Several of my recent blog postings have dealt with viruses that cause cancer. One cancer-causing virus that has been in the news lately is human papillomavirus (HPV), a sexually transmitted virus that can cause cervical cancer. The development of a vaccine that protects women from the specific HPV strains that cause cervical cancer was a major step forward in cancer prevention.
Although it is clear that the vaccine reduces infections with these HPV strains, because of the long time interval between infection and the development of cancer it has not yet been proven that vaccination will decrease the incidence of cervical cancer.
However, according to data presented recently at the annual meeting of the Society of Gynecologic Oncologists (SGO), there is already evidence that vaccination decreases the incidence of abnormal Pap smears and the number of procedures needed to evaluate these abnormal screening tests. This is tremendously important news. The cellular abnormalities detected by a Pap smear are clearly precursors of cervical cancer, so it is extremely likely that a decrease in abnormal Pap smears will directly lead to a decrease in cervical cancer.
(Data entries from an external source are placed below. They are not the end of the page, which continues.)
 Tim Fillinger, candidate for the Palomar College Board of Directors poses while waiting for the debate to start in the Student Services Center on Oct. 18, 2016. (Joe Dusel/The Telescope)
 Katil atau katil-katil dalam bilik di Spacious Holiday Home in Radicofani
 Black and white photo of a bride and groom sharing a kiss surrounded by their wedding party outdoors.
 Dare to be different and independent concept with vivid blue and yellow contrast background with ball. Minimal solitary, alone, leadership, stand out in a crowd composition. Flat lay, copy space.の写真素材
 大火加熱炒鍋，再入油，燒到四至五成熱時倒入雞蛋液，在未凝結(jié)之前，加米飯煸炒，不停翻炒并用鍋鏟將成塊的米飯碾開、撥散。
The red arrow points to a cancer cell.
But there are other important benefits from decreasing the frequency of abnormal Pap smears. In the words of Dr. Warner Huh, from the University of Alabama, Birmingham, “Very few of us can identify with cervical cancer, but almost every woman in the United States can identify with an abnormal Pap smear.” In fact, in the course of a lifetime, nearly 1 in 3 women will have an abnormal Pap smear and have to deal with both the procedures that are required to investigate the abnormality, and also with the anxiety of believing that she may have cancer. So, clearly, decreasing the rate of abnormal Pap smears would be a huge benefit to all women.
The benefits extend beyond avoiding anxiety and medical tests. There is a societal cost savings as well: According to the SGO, the combined costs of screening and treating cervical abnormalities in the US alone amounts to $4 billion per year. That’s quite an opportunity for cost reductions!
In related news, a report published this past week stated that as many as 1 in 4 teenaged girls in the US has a sexually transmitted infection. The medical blogosphere has been abuzz with this information and its implications.
At first blush, this is a horrifying statistic. After all, when most people think of sexually transmitted infections, they think of gonorrhea, Chlamydia, herpes or syphilis, and it would be awful to imagine that 25% of the teenaged girls in the US have one of these infections. However, HPV is included in the definition of sexually transmitted infections used by this report. As many as 80% of women in the US show evidence of having been infected with HPV at some point. Including HPV infections in the definition of sexually transmitted infections, then, will substantially distort the numbers. After all, by this definition, more than 80% of adult women in the US have an STI! Compared to that, 25% doesn’t seem as bad.
This number does, however, add to the importance of vaccinating girls against HPV. If girls are getting infected in their teenaged years, and if vaccination can prevent infection, abnormal Pap smears, future medical procedures, and hopefully the development of cancer, this suggests that vaccination should happen early (ages 8 or 9?), well before girls become sexually active, in order to maximize the benefits.